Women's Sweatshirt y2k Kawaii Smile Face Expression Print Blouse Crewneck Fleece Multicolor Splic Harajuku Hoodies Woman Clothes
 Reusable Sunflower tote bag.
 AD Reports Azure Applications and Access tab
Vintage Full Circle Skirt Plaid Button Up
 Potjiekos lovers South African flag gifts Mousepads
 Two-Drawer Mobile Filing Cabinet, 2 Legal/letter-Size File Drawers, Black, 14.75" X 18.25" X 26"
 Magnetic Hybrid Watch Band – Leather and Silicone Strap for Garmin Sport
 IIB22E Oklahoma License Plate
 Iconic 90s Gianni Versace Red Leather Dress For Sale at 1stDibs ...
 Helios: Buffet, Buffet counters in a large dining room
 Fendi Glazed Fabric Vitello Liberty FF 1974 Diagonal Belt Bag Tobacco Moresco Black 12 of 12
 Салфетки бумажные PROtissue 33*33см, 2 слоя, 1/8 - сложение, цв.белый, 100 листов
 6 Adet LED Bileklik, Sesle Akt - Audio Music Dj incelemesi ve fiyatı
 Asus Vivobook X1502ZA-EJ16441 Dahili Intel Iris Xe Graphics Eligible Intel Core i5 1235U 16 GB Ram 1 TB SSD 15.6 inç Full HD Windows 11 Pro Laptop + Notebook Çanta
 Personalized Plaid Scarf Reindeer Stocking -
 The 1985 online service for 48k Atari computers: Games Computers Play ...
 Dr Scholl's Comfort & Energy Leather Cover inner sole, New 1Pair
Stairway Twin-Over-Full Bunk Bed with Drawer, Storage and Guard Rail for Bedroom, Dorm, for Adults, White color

▶ What needs to be done: Within the entries above, find the string "Drawer" and return each line that holds it.

▶ Solution for this problem:
 Two-Drawer Mobile Filing Cabinet, 2 Legal/letter-Size File Drawers, Black, 14.75" X 18.25" X 26"
Stairway Twin-Over-Full Bunk Bed with Drawer, Storage and Guard Rail for Bedroom, Dorm, for Adults, White color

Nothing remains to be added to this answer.